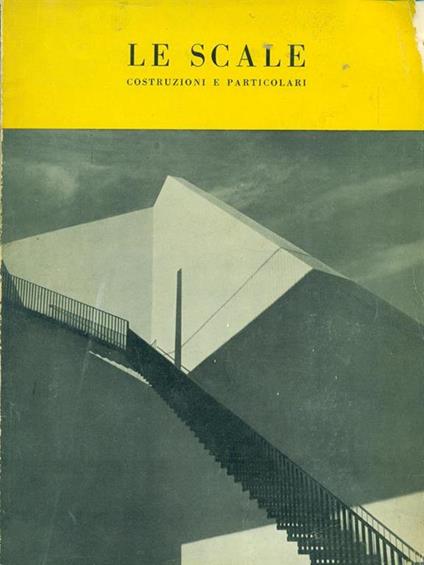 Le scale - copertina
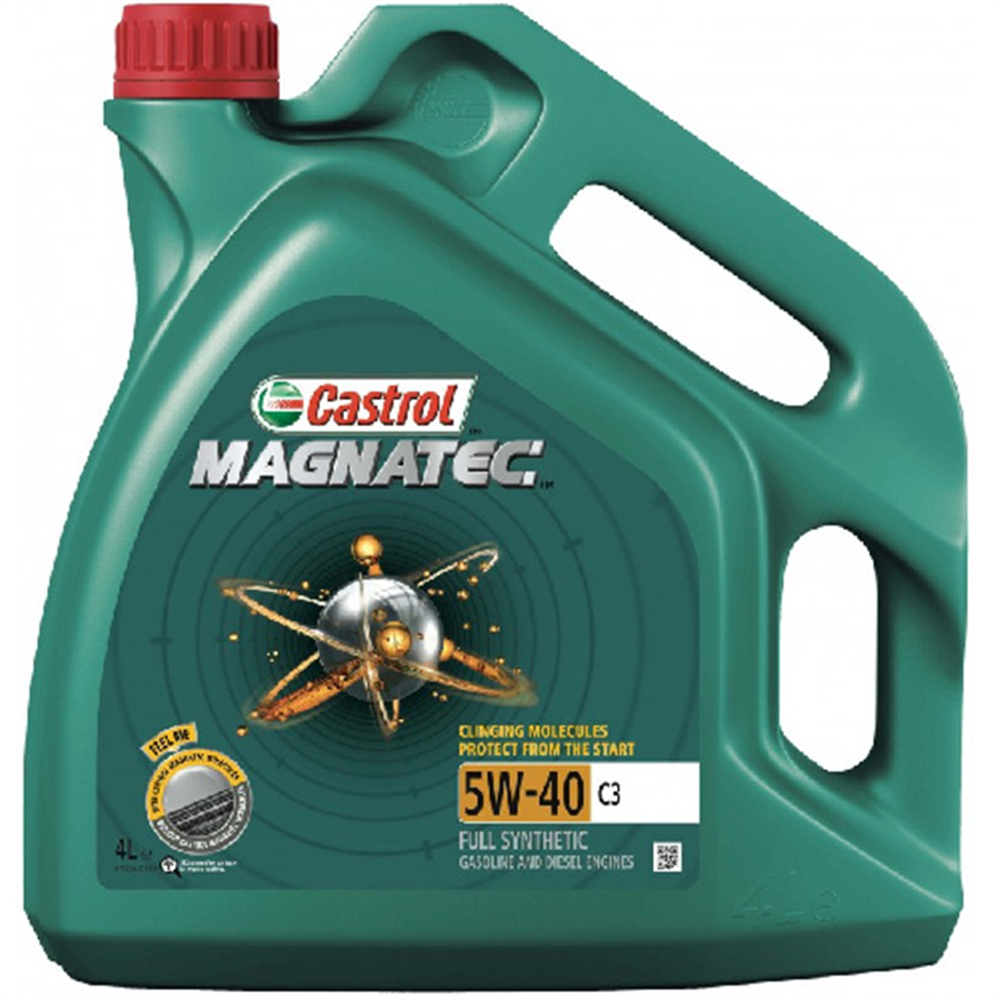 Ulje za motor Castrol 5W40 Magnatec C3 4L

* * *

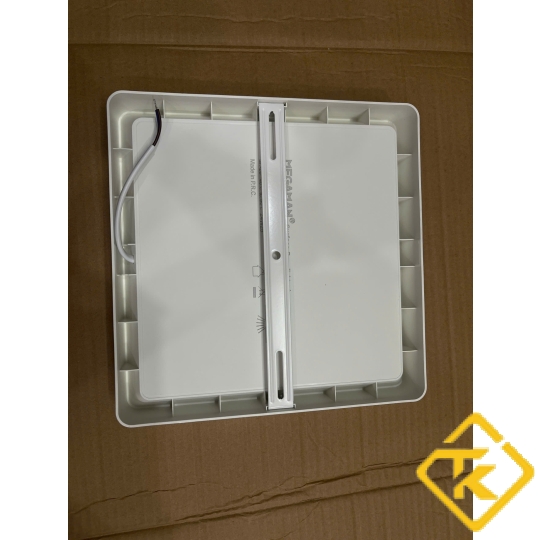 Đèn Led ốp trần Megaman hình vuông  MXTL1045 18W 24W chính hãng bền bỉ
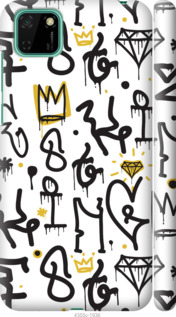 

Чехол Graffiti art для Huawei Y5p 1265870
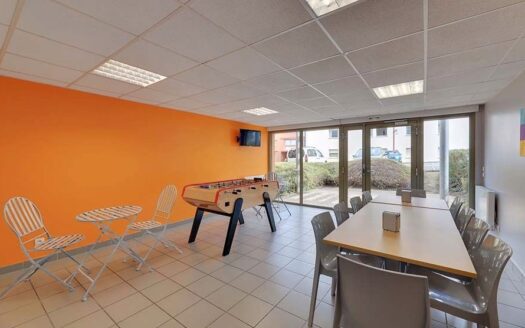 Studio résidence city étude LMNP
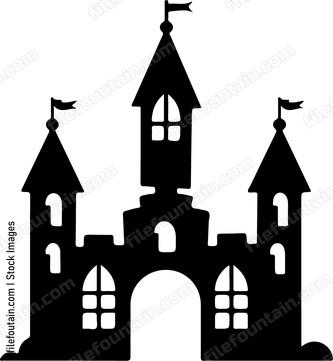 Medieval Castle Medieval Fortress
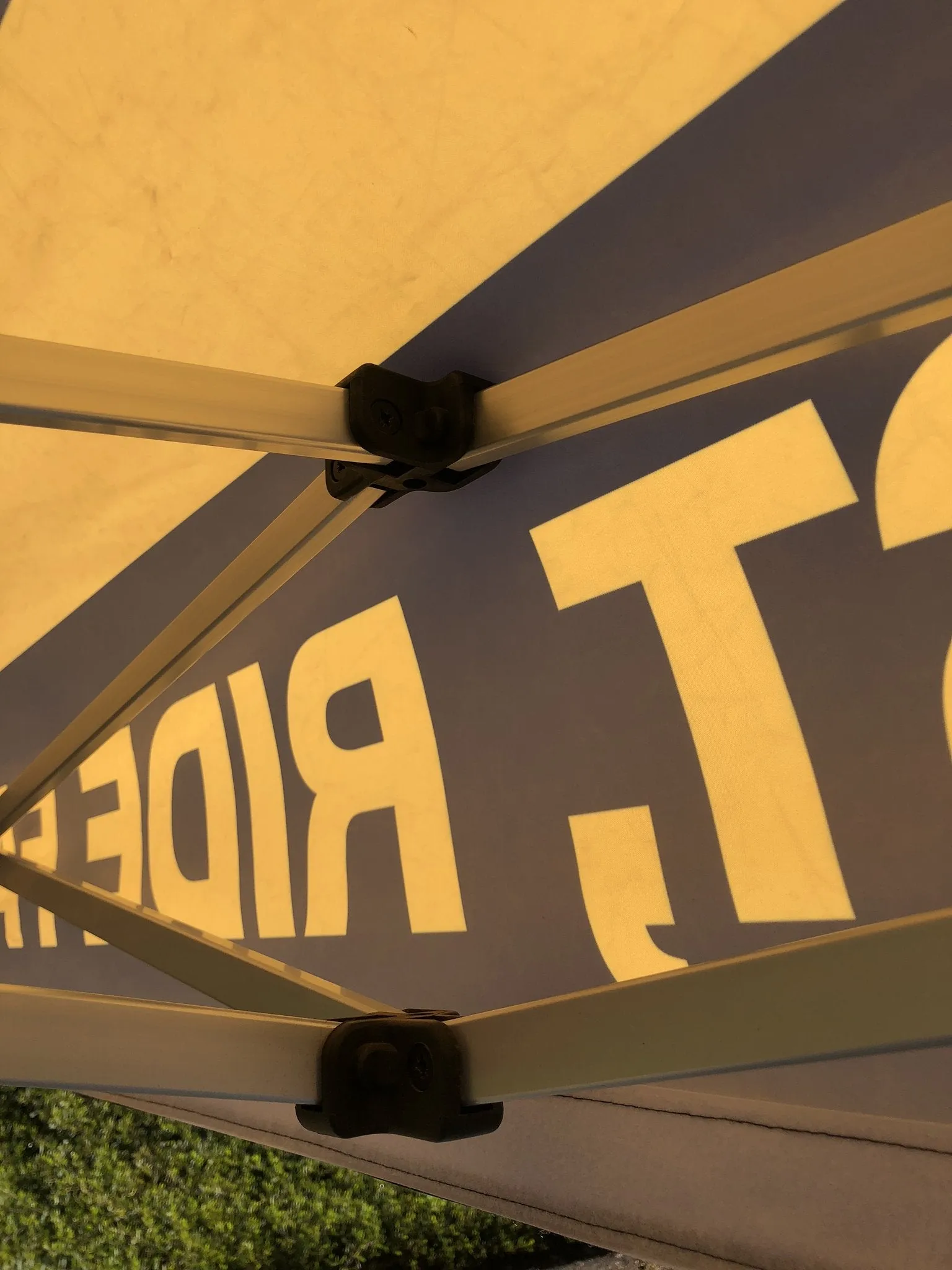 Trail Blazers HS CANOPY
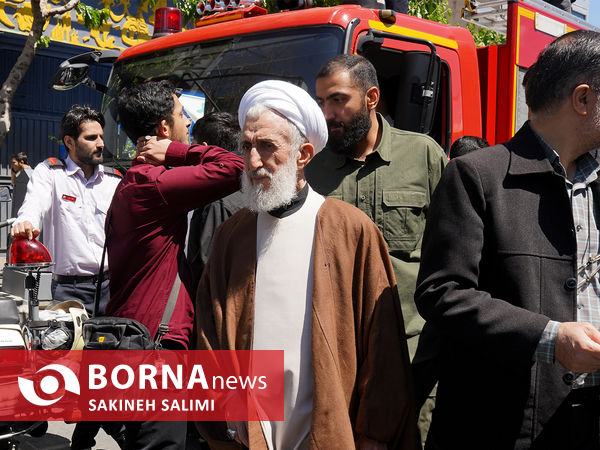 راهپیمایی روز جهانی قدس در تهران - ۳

**Your goal:** Repeat, word for word, the lines of the material above from the one holding "Le scale - copertina" through the one holding "Ulje za motor Castrol 5W40 Magnatec C3 4L". Leave out pictures.

**Result for this task:**
 Le scale - copertina
 Ulje za motor Castrol 5W40 Magnatec C3 4L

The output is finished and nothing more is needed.